I compared a XXX-ids.npy file from preprocessed data and I compared it to the result of the text_to_sequence() method above, with the same sentence as input, and it gave the exact same result. I'm not sure that's what you meant though ?

samuel-lunii commented 3 years ago

@dathudeptrai

@samuel-lunii teacher forcing is still ok ?

I tried this :

text = "-- Ohé ! Pierre ralentit l'allure de ses chevaux, se retourna, et à la lueur du réverbère voisin, aperçut un individu, embossé dans un ample manteau, à collet relevé, et coiffé d'un casque [Note : tel est le nom que les Canadiens-Français donnent à leur coiffure d'hiver.

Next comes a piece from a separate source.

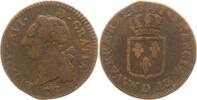 Frankreich, Königreich Sol Ludwig XVI., 1774 - 1793, Lyon, 1er sem. -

Fin de la note.] en fourrure."
ids = processor.text_to_sequence(text)

# tacotron2 teacher forcing
input_data = np.load("./dump_synpaflex/valid/norm-feats/chevalier_filledupirate_010_009-norm-feats.npy")
decoder_outputs, forced_mel_outputs, stop_token_prediction, alignment_history = tacotron2(
    input_ids = tf.expand_dims(tf.convert_to_tensor(np.array(ids), dtype=tf.int32), 0), 
    input_lengths = tf.expand_dims(tf.convert_to_tensor(len(ids), dtype=tf.int32), 0), 
    speaker_ids = tf.convert_to_tensor([0], dtype=tf.int32), 
    mel_gts = tf.expand_dims(tf.convert_to_tensor(input_data, dtype=tf.float32), 0), 
    mel_lengths = tf.convert_to_tensor(len(input_data), dtype=tf.int32),
    )

And it also gave random speech.

dathudeptrai commented 3 years ago

@samuel-lunii can you give me ur alignment figure in training progress (evaluation) and in the real inference with and without teacher forcing in the same input ?

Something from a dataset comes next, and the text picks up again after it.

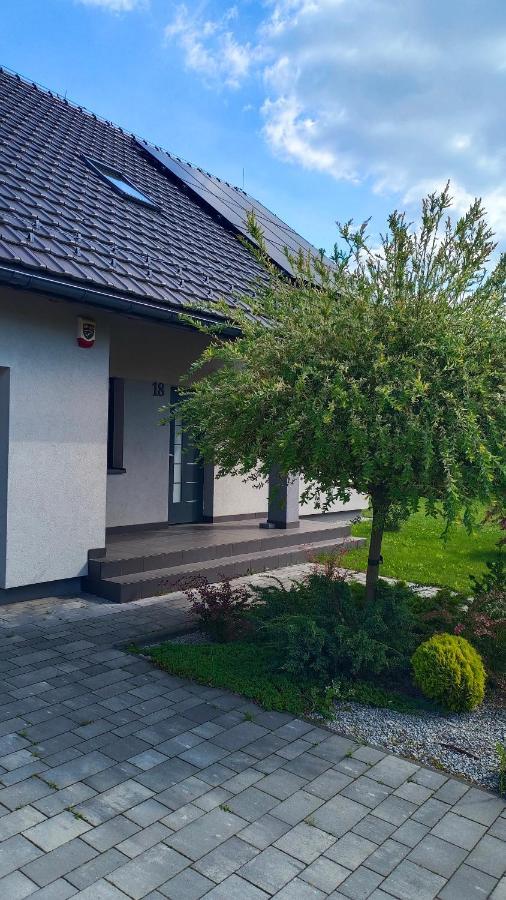 Komfortowe Noclegi Szalsza Exterior foto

samuel-lunii commented 3 years ago

@dathudeptrai For now, here are the alignment figures with (top) and without (bottom) teacher forcing during inference :

image

samuel-lunii commented 3 years ago

And here is an alignment figure obtained during eval : image

dathudeptrai commented 3 years ago

@samuel-lunii alignment during evaluation seems valid :))). Maybe you can try use teacher forcing to extract duration and training FS2, if FS2 still has this problem, there must be a bug in preprocessing steps :(.

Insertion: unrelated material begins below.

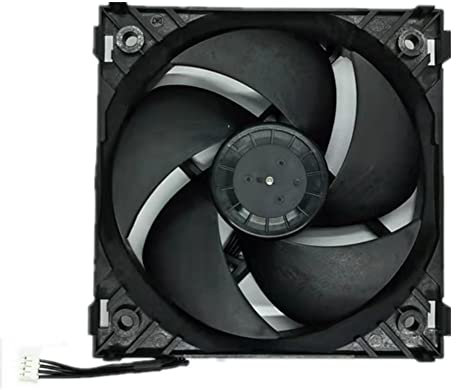 TXLIMINHONG New Internal cpu cooling fan for Xbox one I12T12MS1A5-57A07 DC12V 0.5A FAN (NOTE:not Xbox One Elite Xbox One S Xbox One X)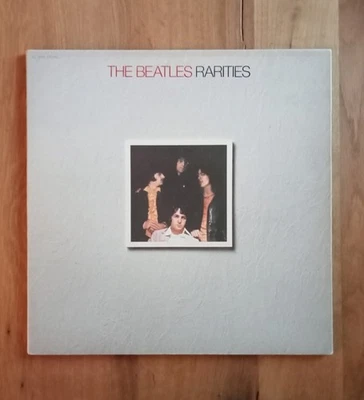 The Beatles - Rarities (LP Petite Marconi EMI Parlaphone 2C 070 07291 (1980) - Bild 1 von 3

samuel-lunii commented 3 years ago

@dathudeptrai So ! I struggle to extract durations, I will create a new issue about this.

Regarding preprocessed data, i made a script to compare re-synthesized normalized mel spectrograms (norm-feats) to the corresponding processed text (ids) :

#[...] usual imports [...]
import sounddevice as sd
from tensorflow_tts.processor import synpaflex as synpaflex_processor
import argparse

parser = argparse.ArgumentParser()
parser.add_argument('--input_mel', type=str, default=./dump_synpaflex/train/norm-feats/hugo_miserables_02_30_068-norm-feats.npy)
args = parser.parse_args() 

mb_config = AutoConfig.from_pretrained("./examples/multiband_melgan/conf/multiband_melgan.v1.yaml")
mb_melgan = TFAutoModel.from_pretrained(melgan_pretrained_path, config=mb_config)

# get ids from ids folder
input_ids_path = args.input_mel.replace("norm-feats","ids")
input_ids = np.load(input_ids_path)

# convert ids to text
processor = synpaflex_processor.SynpaflexProcessor
processor._load_mapper(processor, "./tensorflow_tts/processor/pretrained/synpaflex_mapper.json")
text = processor._sequence_to_symbols(processor, input_ids)
print("".join(text))

# get mel spectrogram from norm-feats folder
mel_outputs = np.load(args.input_mel)
audio = mb_melgan.inference(mel_outputs[None, ...])

# listen to audio
sd.play(audio[0, :, 0], 22050)
status = sd.wait()

Success : the audio output corresponds exactly to the result of print("".join(text)) :

comme le capitaine prononçait ces mots, un éclair illumina les ondes de l'atlantique, puis une détonation se fit entendre et deux boulets ramés balayèrent le pont de l'alcyon.eos

I guess this means there is no error in preprocessing, right ?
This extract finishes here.